Please make an exact copy of the listing, without the pictures.
+++++
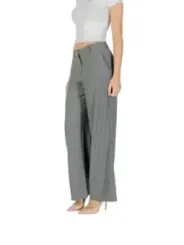 Only Damen Hose Grau | online kaufen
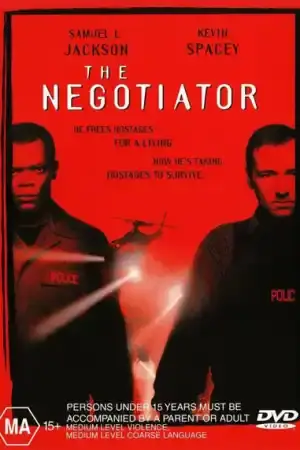 The Negotiator постер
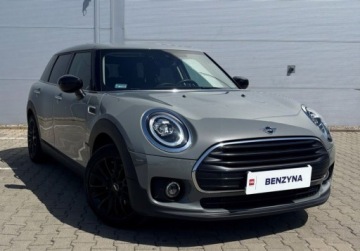 Mini Clubman F54 Kombi 1.5 102KM 2021 MINI Clubman 1.5 102 KM AT Salon PL FV23 1.5 Benzyna 102KM, zdjęcie 3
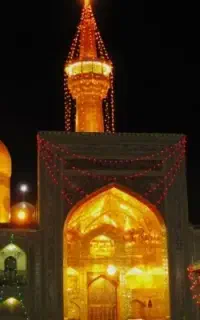 تور مشهد کاروان ام البنین 10روزه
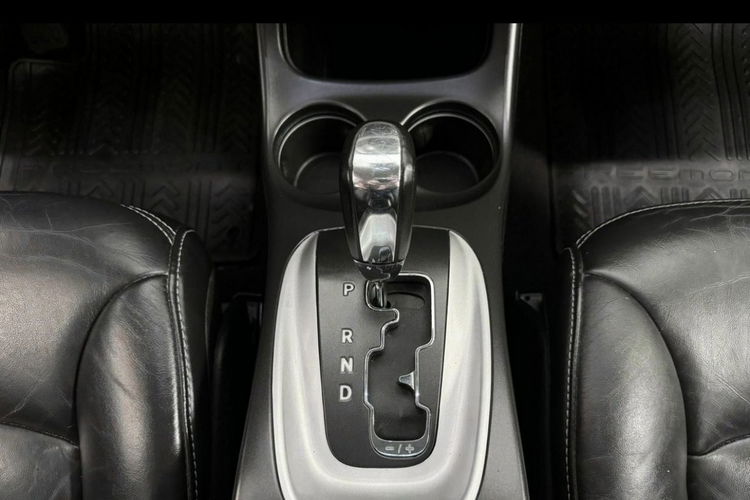 Fiat Freemont 2.0d 170KM automat 7.os. Skóry Navi DVD kamera 4x4 full serwis 1.r.gw zdjęcie 18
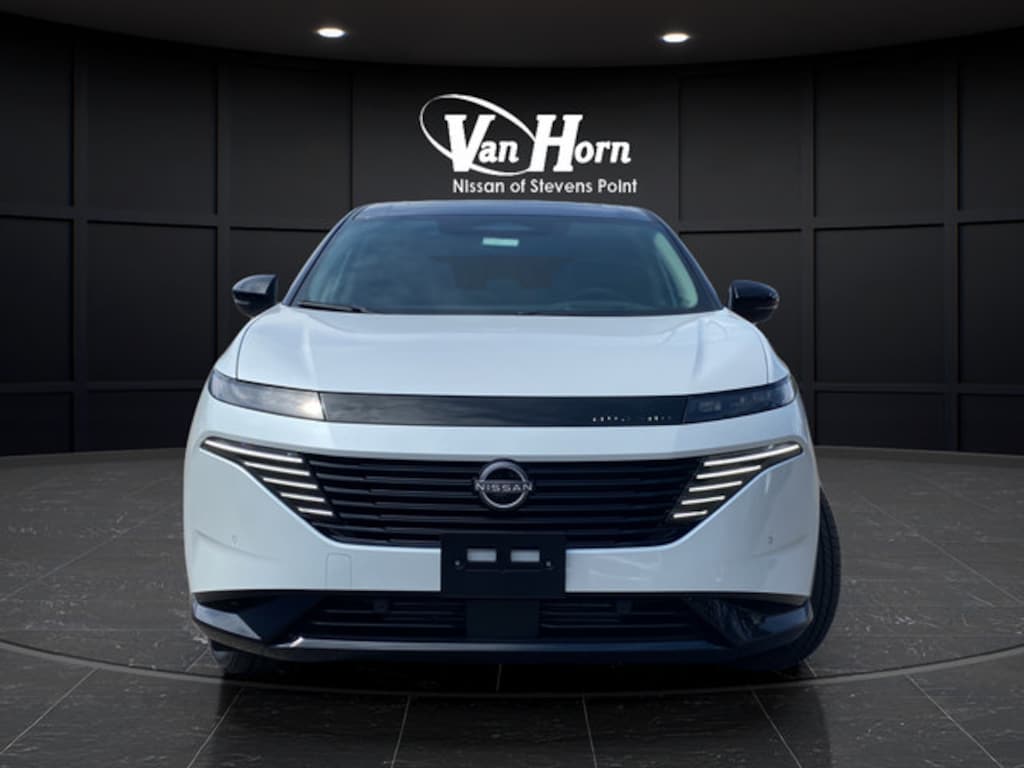 New 2026 Nissan Murano Platinum SUV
+++++
— Exercise response —
 Only Damen Hose Grau | online kaufen
 The Negotiator постер
 Mini Clubman F54 Kombi 1.5 102KM 2021 MINI Clubman 1.5 102 KM AT Salon PL FV23 1.5 Benzyna 102KM, zdjęcie 3
 تور مشهد کاروان ام البنین 10روزه
 Fiat Freemont 2.0d 170KM automat 7.os. Skóry Navi DVD kamera 4x4 full serwis 1.r.gw zdjęcie 18
 New 2026 Nissan Murano Platinum SUV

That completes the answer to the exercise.